Your goal —
From the data below, copy exactly the lines that lie between the one holding "The Wolf and The Pack Set" and the one holding "Chắc hẳn không", including both, and nothing more.

╭─ Listed records

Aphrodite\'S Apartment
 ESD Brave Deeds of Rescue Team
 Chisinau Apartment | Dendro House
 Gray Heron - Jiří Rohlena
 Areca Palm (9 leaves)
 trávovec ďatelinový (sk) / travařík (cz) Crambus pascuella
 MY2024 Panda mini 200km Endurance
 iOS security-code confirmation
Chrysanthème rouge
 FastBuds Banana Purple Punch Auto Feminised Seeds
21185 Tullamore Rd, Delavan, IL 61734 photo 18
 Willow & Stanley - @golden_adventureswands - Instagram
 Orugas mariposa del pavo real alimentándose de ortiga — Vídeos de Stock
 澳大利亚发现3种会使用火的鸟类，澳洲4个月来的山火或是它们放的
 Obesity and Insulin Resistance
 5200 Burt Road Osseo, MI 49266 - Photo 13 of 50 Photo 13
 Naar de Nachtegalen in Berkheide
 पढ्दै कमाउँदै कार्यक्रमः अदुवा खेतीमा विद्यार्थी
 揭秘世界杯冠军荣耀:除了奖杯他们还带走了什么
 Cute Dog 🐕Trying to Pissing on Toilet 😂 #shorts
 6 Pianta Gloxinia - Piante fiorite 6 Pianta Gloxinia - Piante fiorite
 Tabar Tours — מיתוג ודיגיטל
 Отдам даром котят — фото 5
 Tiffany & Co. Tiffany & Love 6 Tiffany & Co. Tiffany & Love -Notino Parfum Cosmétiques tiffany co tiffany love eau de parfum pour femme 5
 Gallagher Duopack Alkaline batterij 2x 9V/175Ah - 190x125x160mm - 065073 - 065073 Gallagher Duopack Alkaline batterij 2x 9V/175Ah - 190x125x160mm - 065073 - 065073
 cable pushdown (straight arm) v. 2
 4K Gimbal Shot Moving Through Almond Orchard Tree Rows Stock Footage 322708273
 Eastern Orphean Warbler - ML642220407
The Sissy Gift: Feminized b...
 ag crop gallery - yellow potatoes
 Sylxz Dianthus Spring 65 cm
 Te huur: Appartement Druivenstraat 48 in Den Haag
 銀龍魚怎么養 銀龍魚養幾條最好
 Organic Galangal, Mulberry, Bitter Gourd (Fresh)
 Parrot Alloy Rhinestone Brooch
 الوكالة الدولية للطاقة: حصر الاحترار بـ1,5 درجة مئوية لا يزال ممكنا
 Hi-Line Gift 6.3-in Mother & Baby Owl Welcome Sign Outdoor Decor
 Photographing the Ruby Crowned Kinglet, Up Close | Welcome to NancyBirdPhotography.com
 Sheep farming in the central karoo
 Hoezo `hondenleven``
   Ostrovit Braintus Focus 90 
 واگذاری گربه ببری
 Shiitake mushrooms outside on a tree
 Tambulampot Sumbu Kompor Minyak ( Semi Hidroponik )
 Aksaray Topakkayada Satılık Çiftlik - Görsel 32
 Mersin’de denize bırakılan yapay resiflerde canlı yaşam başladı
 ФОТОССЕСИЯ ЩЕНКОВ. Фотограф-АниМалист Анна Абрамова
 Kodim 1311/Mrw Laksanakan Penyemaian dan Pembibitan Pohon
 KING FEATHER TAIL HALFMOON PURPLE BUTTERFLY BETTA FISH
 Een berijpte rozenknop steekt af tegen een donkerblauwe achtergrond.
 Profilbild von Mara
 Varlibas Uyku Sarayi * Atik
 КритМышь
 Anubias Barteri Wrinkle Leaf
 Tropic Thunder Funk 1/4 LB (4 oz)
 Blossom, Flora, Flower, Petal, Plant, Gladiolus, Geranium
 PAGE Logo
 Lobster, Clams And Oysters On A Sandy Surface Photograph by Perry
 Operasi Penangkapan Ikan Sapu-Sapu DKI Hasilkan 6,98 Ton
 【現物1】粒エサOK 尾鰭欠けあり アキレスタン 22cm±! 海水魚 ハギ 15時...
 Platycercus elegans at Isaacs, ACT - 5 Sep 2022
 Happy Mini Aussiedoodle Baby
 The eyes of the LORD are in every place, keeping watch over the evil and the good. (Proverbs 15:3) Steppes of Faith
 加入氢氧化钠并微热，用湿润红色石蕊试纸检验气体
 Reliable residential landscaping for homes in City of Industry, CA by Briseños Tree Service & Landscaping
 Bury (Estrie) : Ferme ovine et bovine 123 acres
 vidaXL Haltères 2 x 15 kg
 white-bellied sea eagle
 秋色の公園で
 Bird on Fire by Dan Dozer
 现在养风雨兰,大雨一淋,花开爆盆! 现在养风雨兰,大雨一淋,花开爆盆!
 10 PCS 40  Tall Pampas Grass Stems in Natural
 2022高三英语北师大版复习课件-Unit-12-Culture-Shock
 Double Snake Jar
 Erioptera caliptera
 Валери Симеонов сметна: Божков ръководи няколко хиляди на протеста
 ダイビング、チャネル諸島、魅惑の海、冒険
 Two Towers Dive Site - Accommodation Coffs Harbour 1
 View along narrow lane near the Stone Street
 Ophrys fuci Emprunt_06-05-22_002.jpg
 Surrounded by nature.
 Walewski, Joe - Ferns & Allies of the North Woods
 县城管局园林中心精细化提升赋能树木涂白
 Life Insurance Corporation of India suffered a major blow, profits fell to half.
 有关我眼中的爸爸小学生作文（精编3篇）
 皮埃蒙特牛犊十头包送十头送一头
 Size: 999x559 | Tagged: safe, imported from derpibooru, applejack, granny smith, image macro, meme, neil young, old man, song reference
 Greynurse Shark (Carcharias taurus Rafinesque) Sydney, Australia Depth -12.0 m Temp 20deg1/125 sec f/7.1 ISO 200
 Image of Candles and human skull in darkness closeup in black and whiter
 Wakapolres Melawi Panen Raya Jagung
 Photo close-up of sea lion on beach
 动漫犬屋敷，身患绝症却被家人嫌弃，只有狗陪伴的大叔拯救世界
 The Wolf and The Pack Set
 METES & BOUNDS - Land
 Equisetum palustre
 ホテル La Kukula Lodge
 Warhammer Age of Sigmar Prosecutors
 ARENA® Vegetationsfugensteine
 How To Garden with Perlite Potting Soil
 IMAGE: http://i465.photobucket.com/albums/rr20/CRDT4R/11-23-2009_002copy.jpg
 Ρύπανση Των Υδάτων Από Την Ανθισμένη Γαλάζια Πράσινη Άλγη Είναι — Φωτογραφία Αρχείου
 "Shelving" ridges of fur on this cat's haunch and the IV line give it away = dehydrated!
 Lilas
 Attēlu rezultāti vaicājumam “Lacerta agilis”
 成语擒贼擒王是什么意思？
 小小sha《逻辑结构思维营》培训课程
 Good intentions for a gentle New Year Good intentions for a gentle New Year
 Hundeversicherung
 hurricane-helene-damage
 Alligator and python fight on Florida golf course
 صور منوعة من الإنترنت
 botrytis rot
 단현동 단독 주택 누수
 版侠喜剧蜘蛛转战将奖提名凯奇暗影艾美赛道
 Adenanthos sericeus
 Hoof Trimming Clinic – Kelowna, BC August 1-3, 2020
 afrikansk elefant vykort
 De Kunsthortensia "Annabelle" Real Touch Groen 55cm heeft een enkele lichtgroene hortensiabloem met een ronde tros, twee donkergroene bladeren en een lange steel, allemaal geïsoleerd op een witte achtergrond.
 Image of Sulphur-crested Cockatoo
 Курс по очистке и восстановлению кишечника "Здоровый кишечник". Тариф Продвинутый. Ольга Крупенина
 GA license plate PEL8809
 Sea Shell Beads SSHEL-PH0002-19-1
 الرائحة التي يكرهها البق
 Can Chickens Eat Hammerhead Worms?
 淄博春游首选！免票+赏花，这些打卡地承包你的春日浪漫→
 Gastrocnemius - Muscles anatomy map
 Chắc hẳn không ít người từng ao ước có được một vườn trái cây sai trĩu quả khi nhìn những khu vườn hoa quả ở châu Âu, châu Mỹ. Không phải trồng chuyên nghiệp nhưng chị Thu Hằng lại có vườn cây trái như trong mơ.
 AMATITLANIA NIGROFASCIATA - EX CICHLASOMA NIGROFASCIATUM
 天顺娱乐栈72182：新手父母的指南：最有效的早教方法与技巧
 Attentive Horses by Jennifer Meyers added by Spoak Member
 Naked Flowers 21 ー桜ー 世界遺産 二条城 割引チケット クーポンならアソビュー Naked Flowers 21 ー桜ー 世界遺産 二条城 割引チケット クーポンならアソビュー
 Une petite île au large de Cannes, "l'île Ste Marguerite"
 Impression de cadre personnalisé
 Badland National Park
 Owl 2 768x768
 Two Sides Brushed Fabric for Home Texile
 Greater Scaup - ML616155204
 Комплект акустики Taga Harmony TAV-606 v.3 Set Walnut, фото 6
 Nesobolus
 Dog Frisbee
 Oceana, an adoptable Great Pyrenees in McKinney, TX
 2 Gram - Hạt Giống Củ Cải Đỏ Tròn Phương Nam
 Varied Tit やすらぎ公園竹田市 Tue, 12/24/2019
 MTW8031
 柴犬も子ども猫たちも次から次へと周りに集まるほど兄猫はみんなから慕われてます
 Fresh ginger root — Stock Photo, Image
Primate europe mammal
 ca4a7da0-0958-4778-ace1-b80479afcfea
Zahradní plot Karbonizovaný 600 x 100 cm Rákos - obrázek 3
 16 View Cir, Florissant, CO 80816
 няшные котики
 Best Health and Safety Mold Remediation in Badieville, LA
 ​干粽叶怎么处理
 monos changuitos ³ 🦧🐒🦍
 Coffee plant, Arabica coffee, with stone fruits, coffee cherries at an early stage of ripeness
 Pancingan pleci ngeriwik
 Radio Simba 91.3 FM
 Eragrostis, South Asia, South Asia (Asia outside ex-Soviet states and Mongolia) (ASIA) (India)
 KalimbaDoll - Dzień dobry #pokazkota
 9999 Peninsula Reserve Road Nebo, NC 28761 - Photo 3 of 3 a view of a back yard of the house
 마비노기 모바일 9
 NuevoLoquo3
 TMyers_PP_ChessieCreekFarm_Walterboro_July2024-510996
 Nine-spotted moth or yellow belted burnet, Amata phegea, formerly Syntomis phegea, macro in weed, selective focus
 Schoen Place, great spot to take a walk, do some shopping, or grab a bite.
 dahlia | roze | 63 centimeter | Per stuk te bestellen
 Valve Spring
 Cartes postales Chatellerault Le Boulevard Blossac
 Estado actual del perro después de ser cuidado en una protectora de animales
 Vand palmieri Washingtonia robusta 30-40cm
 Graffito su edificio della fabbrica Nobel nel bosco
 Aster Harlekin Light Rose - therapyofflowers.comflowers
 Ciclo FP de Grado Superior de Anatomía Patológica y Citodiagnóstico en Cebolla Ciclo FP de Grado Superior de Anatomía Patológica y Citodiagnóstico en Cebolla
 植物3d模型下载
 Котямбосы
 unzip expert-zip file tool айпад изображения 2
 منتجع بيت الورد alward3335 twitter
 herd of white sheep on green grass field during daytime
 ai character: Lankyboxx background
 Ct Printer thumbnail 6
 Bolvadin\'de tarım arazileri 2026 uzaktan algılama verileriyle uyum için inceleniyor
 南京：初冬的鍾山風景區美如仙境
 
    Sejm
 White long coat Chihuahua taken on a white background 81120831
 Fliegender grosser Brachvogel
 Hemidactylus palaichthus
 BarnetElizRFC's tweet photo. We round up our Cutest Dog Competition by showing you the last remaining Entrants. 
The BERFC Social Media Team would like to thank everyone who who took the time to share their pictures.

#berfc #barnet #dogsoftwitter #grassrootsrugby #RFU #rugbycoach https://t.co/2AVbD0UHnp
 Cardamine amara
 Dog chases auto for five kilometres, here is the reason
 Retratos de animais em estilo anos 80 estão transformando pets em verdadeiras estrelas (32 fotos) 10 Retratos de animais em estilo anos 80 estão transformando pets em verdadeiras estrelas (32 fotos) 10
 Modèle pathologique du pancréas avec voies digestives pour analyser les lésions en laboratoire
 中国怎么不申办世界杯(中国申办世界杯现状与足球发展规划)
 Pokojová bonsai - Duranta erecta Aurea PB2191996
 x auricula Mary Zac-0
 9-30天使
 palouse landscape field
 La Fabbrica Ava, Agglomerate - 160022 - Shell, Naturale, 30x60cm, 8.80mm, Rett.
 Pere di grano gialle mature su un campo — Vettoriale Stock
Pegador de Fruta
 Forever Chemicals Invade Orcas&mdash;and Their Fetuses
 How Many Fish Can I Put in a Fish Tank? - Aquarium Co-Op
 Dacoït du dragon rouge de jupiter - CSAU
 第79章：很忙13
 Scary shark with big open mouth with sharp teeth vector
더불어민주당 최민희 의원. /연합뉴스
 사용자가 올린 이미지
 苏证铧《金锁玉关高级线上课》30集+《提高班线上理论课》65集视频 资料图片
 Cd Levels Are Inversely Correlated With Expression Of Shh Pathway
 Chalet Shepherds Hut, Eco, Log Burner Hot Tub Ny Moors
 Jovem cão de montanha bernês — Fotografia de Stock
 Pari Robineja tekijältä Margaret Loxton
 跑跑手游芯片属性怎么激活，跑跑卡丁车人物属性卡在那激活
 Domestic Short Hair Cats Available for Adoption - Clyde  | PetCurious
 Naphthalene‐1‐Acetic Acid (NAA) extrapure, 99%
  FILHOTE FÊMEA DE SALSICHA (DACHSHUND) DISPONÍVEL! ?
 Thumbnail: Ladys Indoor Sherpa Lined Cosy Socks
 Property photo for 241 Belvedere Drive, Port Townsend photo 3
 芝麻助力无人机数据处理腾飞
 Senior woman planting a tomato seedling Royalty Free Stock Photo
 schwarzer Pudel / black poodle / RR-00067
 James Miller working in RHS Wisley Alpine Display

╰─

Task answer —
 The Wolf and The Pack Set
 METES & BOUNDS - Land
 Equisetum palustre
 ホテル La Kukula Lodge
 Warhammer Age of Sigmar Prosecutors
 ARENA® Vegetationsfugensteine
 How To Garden with Perlite Potting Soil
 IMAGE: http://i465.photobucket.com/albums/rr20/CRDT4R/11-23-2009_002copy.jpg
 Ρύπανση Των Υδάτων Από Την Ανθισμένη Γαλάζια Πράσινη Άλγη Είναι — Φωτογραφία Αρχείου
 "Shelving" ridges of fur on this cat's haunch and the IV line give it away = dehydrated!
 Lilas
 Attēlu rezultāti vaicājumam “Lacerta agilis”
 成语擒贼擒王是什么意思？
 小小sha《逻辑结构思维营》培训课程
 Good intentions for a gentle New Year Good intentions for a gentle New Year
 Hundeversicherung
 hurricane-helene-damage
 Alligator and python fight on Florida golf course
 صور منوعة من الإنترنت
 botrytis rot
 단현동 단독 주택 누수
 版侠喜剧蜘蛛转战将奖提名凯奇暗影艾美赛道
 Adenanthos sericeus
 Hoof Trimming Clinic – Kelowna, BC August 1-3, 2020
 afrikansk elefant vykort
 De Kunsthortensia "Annabelle" Real Touch Groen 55cm heeft een enkele lichtgroene hortensiabloem met een ronde tros, twee donkergroene bladeren en een lange steel, allemaal geïsoleerd op een witte achtergrond.
 Image of Sulphur-crested Cockatoo
 Курс по очистке и восстановлению кишечника "Здоровый кишечник". Тариф Продвинутый. Ольга Крупенина
 GA license plate PEL8809
 Sea Shell Beads SSHEL-PH0002-19-1
 الرائحة التي يكرهها البق
 Can Chickens Eat Hammerhead Worms?
 淄博春游首选！免票+赏花，这些打卡地承包你的春日浪漫→
 Gastrocnemius - Muscles anatomy map
 Chắc hẳn không ít người từng ao ước có được một vườn trái cây sai trĩu quả khi nhìn những khu vườn hoa quả ở châu Âu, châu Mỹ. Không phải trồng chuyên nghiệp nhưng chị Thu Hằng lại có vườn cây trái như trong mơ.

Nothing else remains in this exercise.